La defensa del heavy metal más clásico no se hace sola, hay que hacerla. Algo así deben pensar estos cinco ilicitanos de War Dogs, acérrimos defensores de la fe metálica formados en 2015 y que nos presentan su primer largo vía Fighter Records “Die By My Sword” tras un Ep homónimo editado el pasado 2018. Ellos son Alberto Rodríguez (voz), Enrique Mas y Eduardo Antón (guitarras), Manuel Molina (bajo) y finalmente José V. Aldeguer (batería).
De la grabación del álbum se encargó Luis Antonio Varó Reyes, mientras que mezcla y masterización del mismo corrieron a cargo del chico para todo de los suecos Enforcer, Olof Wikstrand. El tema título del álbum es el encargado de dar comienzo al mismo. Si el arte del disco no da mucho lugar a equívocos, tampoco su música lo hace. El sonido es limpio y pulcro. Quizá no espectacular, pero si lo suficientemente nítido como para discernir todos los instrumentos al mismo tiempo sin mayores esfuerzos. Este arranque posee un riff lleno de subidas y bajadas que evoca primeramente a la primera época de Bruce Dickinson en Iron Maiden, y va tornándose más épica con el transcurrir del minutero, creciendo y evolucionando hasta el inequívoco solo final. “Castle Of Pain” en cambio resulta menos enrevesada y más directa que su predecesora. Alberto Rodríguez se mantiene en elegantes tonos medios. Puede que eche en falta algo más de agresividad en su registro, si bien es verdad que se adapta como un guante a lo que exigen estas canciones.
“Wings Of Fire” sube un par de velocidades de golpe, da entrada al doble bombo y en su primer tramo se muestra generalmente rápida y disfrutona. El nombre de Helloween sobrevuela de manera inevitable, aunque también encuentro cierto regusto a los americanos Riot, especialmente en los coros del estribillo. La parte central con su riff cabalgante y las guitarras dobladas no podría ser más maidenesca. Más que a Iron Maiden, el riff con el que arranca “Master Of Revenge” me recuerda horrores a las primeras incursiones de Ozzy Osbourne en solitario, si bien su estribillo no tiene nada que ver con el de Birmingham, máxime con ese puente central tan cercano a la doncella de hierro. En la muy medida “Kill The Past” el doble bombo acompaña de manera casi constante en la que es, seguramente, la más lograda de todas las canciones rápidas de este debut de los ilicitanos. Alberto Rodríguez incluso entrega tonos más altos de lo acostumbrado ya cerca del final. Prosigue esa senda la corta “Ready To Strike”. Tres minutos de heavy metal simple pero acelerado, que luce en su parte central algunos de los mejores solos de guitarra de todo el álbum.
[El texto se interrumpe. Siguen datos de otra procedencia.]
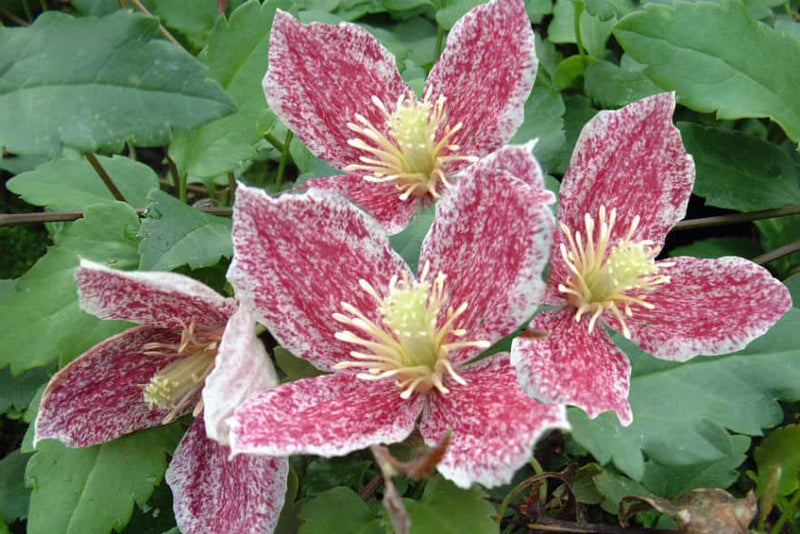 Clematis Cirrhosa 'Freckles' (2.25 Litre)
“The Shark” es un tema especial dentro de este “Die By My Sword” de tanto en cuanto no sólo está dedicada a la figura de Mark Shelton (de ahí el título) e inspirada por la banda norteamericana Manilla Road sino que además cuenta con la colaboración de Bryan «Hellroadie» Patrick, quien fuera vocalista de los de Kansas de finales del siglo pasado hasta 2018. Funciona como elegía al tiempo que pasa por ser otro de los verdaderos puntales del disco. El riff principal de “The Lights Are On” huye en mayor medida del “maidenismo” que destilan buena parte de las canciones del disco y colisiona frontalmente con Mercyful Fate. Y lo hace hasta que aparecen los solos de guitarra, los cuales sí que evocan a la dupla (en realidad, tripleta) de la doncella en su encarnación más clásica.
“Gorgon Eyes”, la más corta de todas las canciones del debut de War Dogs, es un rápido trallazo de apenas tres minutos sin mayores complicaciones. Directo y conciso, sí, pero un tanto olvidable. El cierre es para el corte de inspiración helena “Wrath Of Theseus”, sobre la figura del que fuera rey de Atenas. Tres minutos largos apoyados en un riff de cierto aire épico que coronan un disco que claramente, gana enteros en su parte central pero se diluye en su parte final.
Sin ser un mal trabajo, es verdad que uno puede echar en falta una pizca más de originalidad en ciertos momentos, que muchos riffs, melodías y solos los has oído cientos de veces, etcétera. La siempre peligrosa y delgada línea entre el homenaje y el plagio, Después de todo, “Die by My Sword” no deja de ser un debut. Un primer paso. Confío en que vengan más.